Lars Eidinger / Tartuffe / FTA : Délivrez-nous du mal
FTA 2015

Lars Eidinger / Tartuffe / FTA : Délivrez-nous du mal

C’est la première fois que Montréal reçoit Michael Thalheimer, l’un des metteurs en scène vedette de l’influente scène berlinoise. L’acteur Lars Eidinger interprète sous sa gouverne un Tartuffe sexy et puissant, dans un spectacle stylisé qui interroge le retour du religieux en Occident.

Tartuffe est une rockstar dans cette mise en scène, dit-on. Cheveux longs, torse nu, le corps couvert de tatouages bibliques et engagé dans un jeu très physique, le comédien Lars Eidinger évolue dans un autre registre que celui, plus réaliste, auquel il s’adonne auprès de son autre grand maître, Thomas Ostermeier.

«C’est peut-être un Tartuffe rock, consent-il, mais je dirais que c’est plutôt une représentation de Tartuffe en homme christique; une évocation de l’image canonique du prophète. Ce sont les rockstars qui ont puisé dans cette imagerie messianique pour construire leur look, pas le contraire. Notre regard sur Tartuffe va ainsi jusqu’aux sources de son intérêt pour la religion, jusqu’aux origines de la figure du Christ et jusqu’aux fondements de sa parole, intégrant des passages de l’Ancien Testament.»

Franz Hartwig, Luise Wolfram, Kay Bartholomäus Schulze, Lars Eidinger, Tilman Strauß et Regine Zimmermann dans Tartuffe / Crédit: Katrin Ribbe
Franz Hartwig, Luise Wolfram, Kay Bartholomäus Schulze, Lars Eidinger, Tilman Strauß et Regine Zimmermann dans Tartuffe / Crédit: Katrin Ribbe

 

Relecture radicale s’il en est une, cette version de Tartuffe créée à la Schaubühne s’affranchit complètement de son ton comique, creusant plutôt le sous-texte pour en interroger les différents rapports au religieux et à ses manifestations à travers des figures charismatiques. «Nous ne sommes pas intéressés par l’humour de Molière, rigole Lars Eidinger.
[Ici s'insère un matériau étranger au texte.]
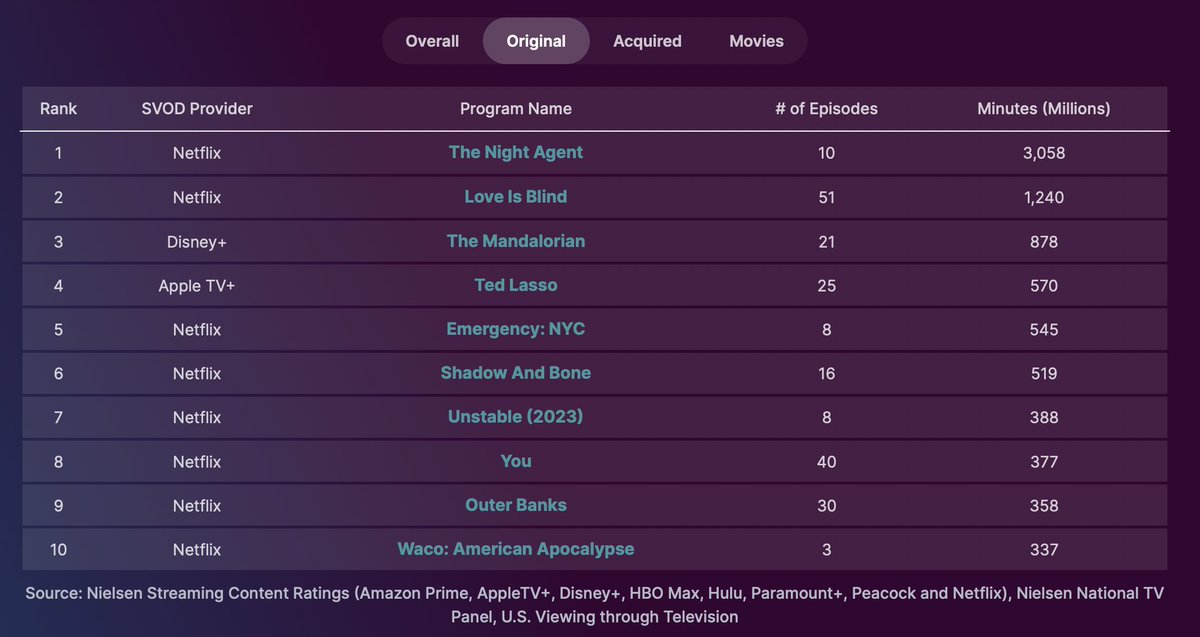 TVGrimReaper's tweet photo. Nielsen's Streaming Video Top 10s, week ending 4/2/23

#TheNightAgent (#1 original)
#Cocomelon (#1 acquired)
#MurderMystery2 (#1 movie) https://t.co/N7MqHlLS49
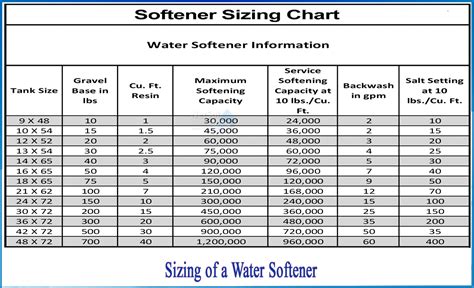 how to test water hardness for water softener|water softener hardness chart.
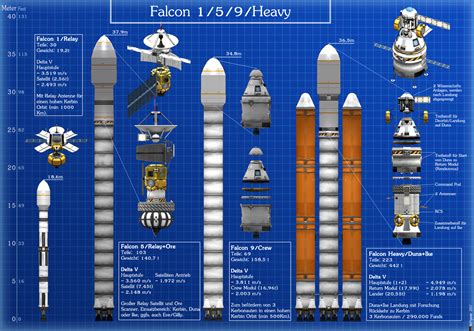 Falcon Heavy Duna Return Gallery Kerbal Space Program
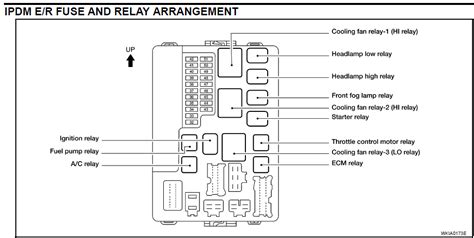 G35 fuse box location right next to the battery. I need a detailed fusebox diagram for a 2004 nissan altima ...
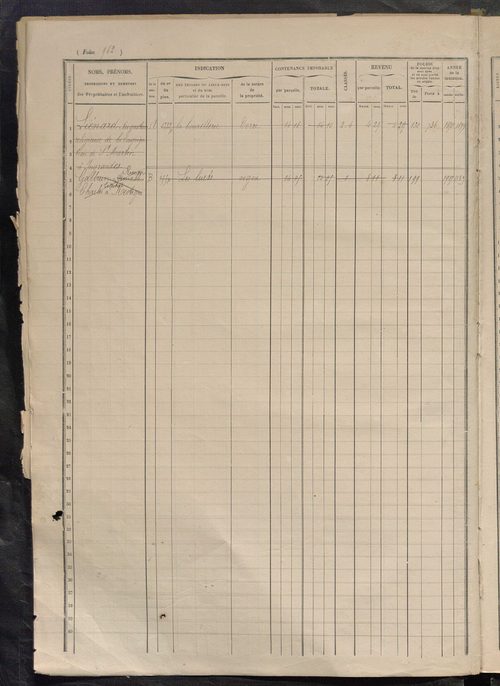 Matrice des propriétés foncières, fol. 961 à 1248.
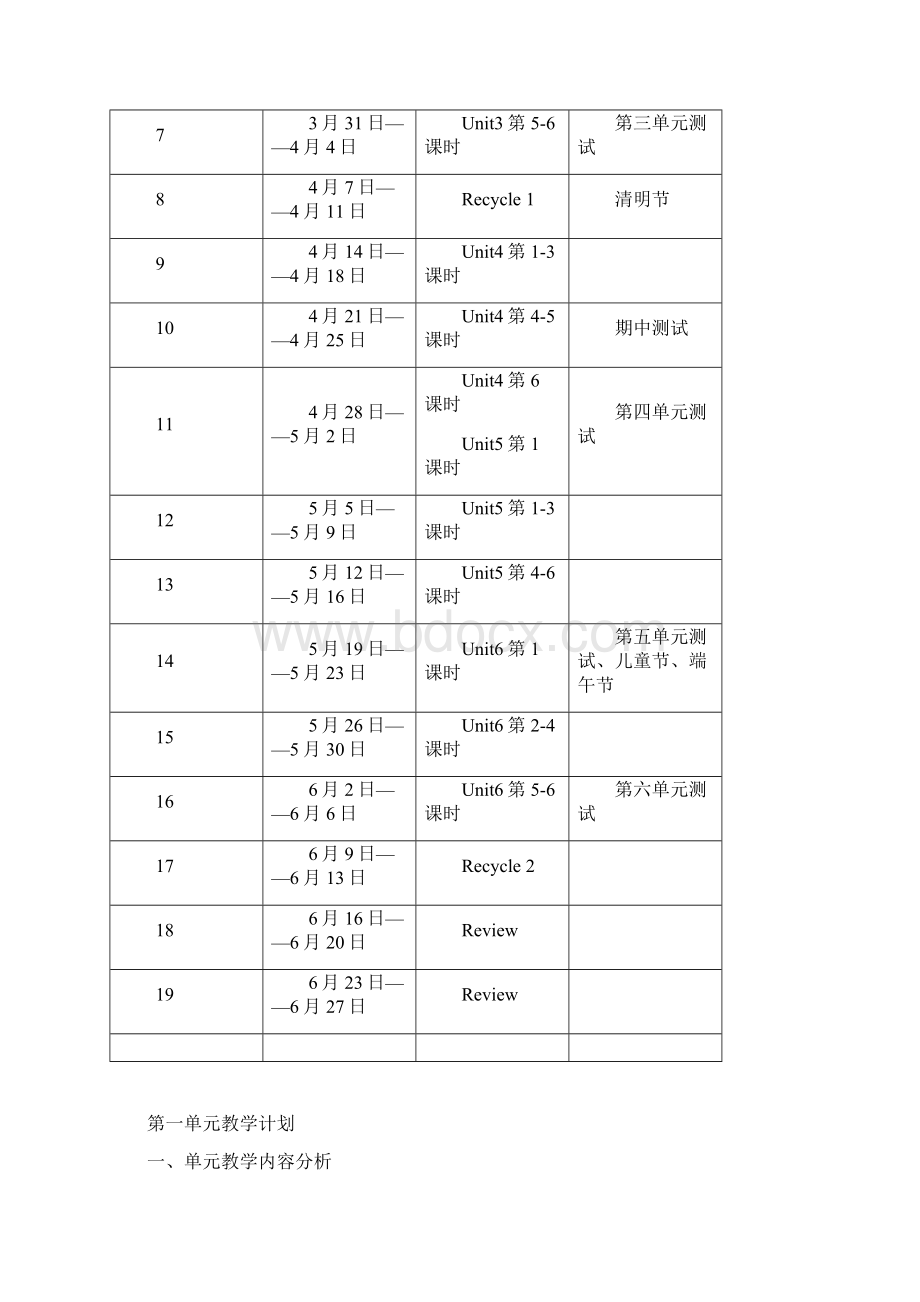 最新pep人教版小学英语四年级下册教学计划及全册教案.docx_第3页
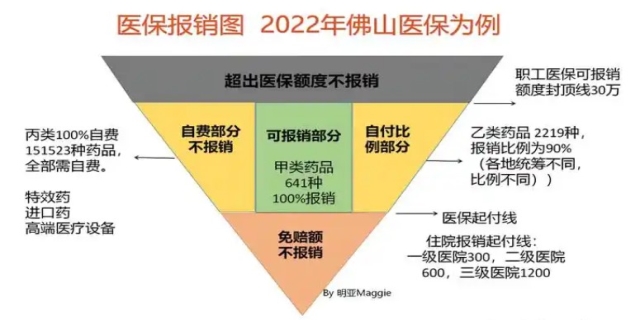 商业医疗保险有哪些种类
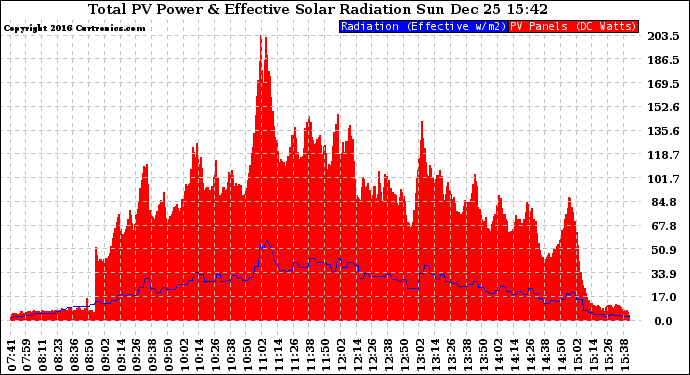 Solar PV/Inverter Performance Total PV Panel Power Output & Effective Solar Radiation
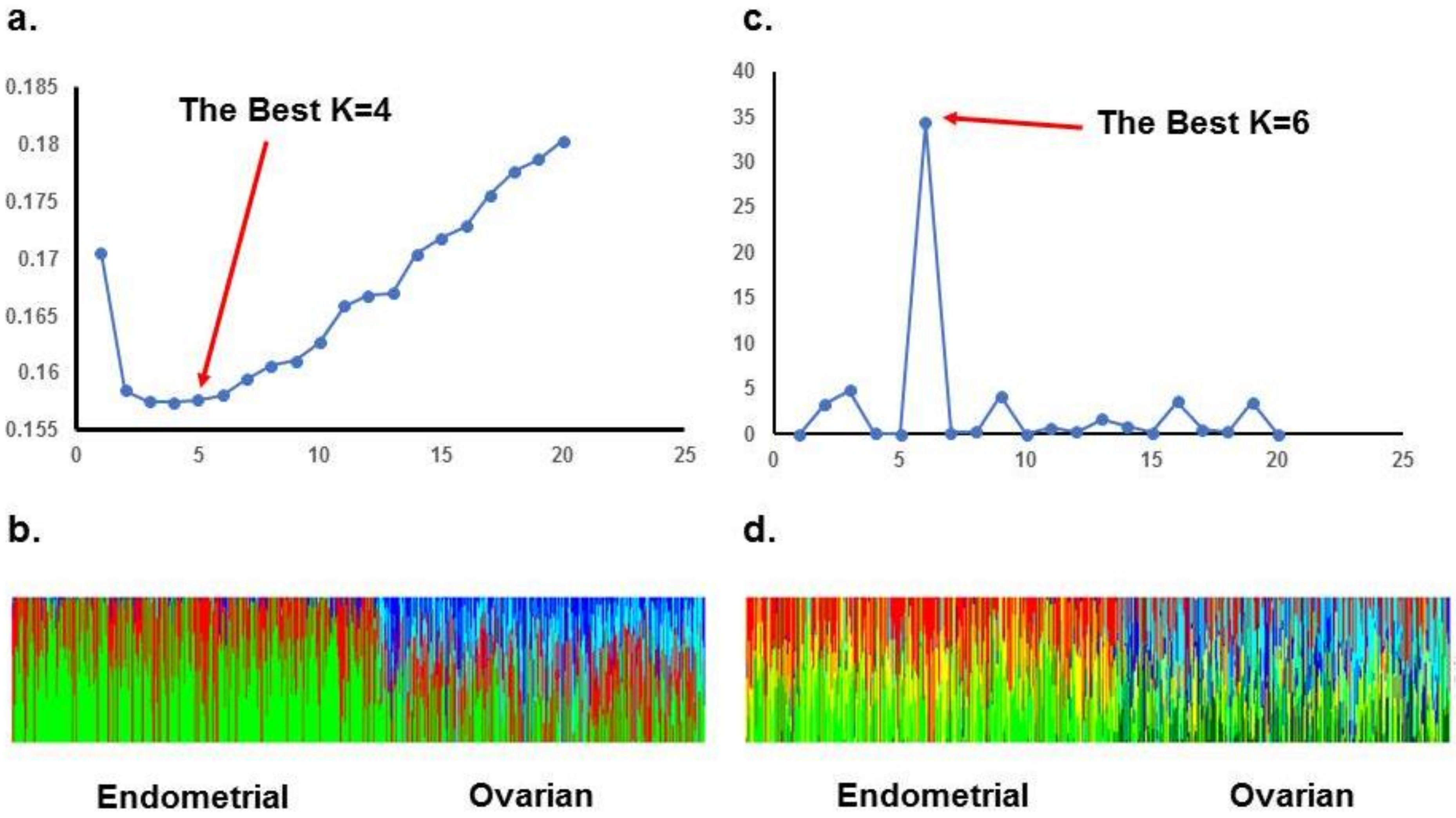 Ijms 20 01192 g002 Ijms 20 01192 g002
Ce qui est un peu une provocation. Mais c’est surtout la meilleure manière de fournir une nouvelle lecture, une nouvelle interprétation de cette pièce canonique, en se concentrant sur ses idées, sur la véritable pensée qui s’agite en arrière-plan du comique de surface. La pièce est aussi observée à un rythme plus lent. Nous avons tout ralenti et mis la pièce en suspension pour la laisser vraiment déployer son intelligence, sa pensée, son propos fondamental. C’est également un désir de musicaliser la pièce, d’en faire une longue ballade au lieu d’une pièce de speed métal!»

Quiconque est un peu observateur de notre monde saura tisser des liens entre la manière dont le dévot Tartuffe entre chez Orgon et la manière dont les religions se réinvitent dans un Occident déconfessionnalisé mais multiethnique et ouvert à des percées de l’islam (notamment). La pièce critique les intégrismes religieux qui inquiètent les laïques de ce monde, mais attention, nuance: la dévotion de Tartuffe n’y est pas unilatéralement rabrouée. Au contraire, pense Eidinger, «Tartuffe est un homme qui a la foi et dont la pensée est honnête. Contrairement à Molière, nous ne le diabolisons pas».

«Notre Tartuffe, poursuit-il, est sexy, séduisant et sympathique. Il l’est de manière tout à fait sincère. Si la famille se laisse prendre dans ses filets, c’est qu’il est aimable et honnête. Nous prenons ainsi un peu le camp de Madame Pernelle, qui affirme que la meilleure chose qu’ait faite son fils est de laisser Tartuffe entrer dans sa maison. Peut-être que c’est Tartuffe qui est le plus proche de la vérité – sa vision du monde est plus honnête que celle de la famille un peu viciée qu’on a devant nous, laquelle représente une société pervertie, pourrie.»

Néanmoins, son influence grandissante sur le cercle d’Orgon et d’Elmire incitera à une certaine circonspection. «Il faut évidemment se méfier de tout fanatisme, de tout extrémisme et de tout sectarisme. Mais la parole fondamentalement humaniste de Tartuffe, qui est celle qu’on retrouve dans la Bible, est vraiment observée patiemment et avec une grande honnêteté intellectuelle dans ce spectacle.»

Porteur de la parole d’un Dieu «plus rationnel que celui qu’on connaît», donc «plus proche du Dieu dépeint dans l’Ancien Testament», ce Tartuffe est aussi comparable, selon Eidinger, au jeune et séduisant personnage du Théorème de Pasolini, un «Dieu-amour», une irruption de l’«authentique» dans des vies qui en sont dépourvues. 

Du 22 au 24 mai au Monument-National, dans le cadre du FTA.
En allemand avec surtitres français et anglais.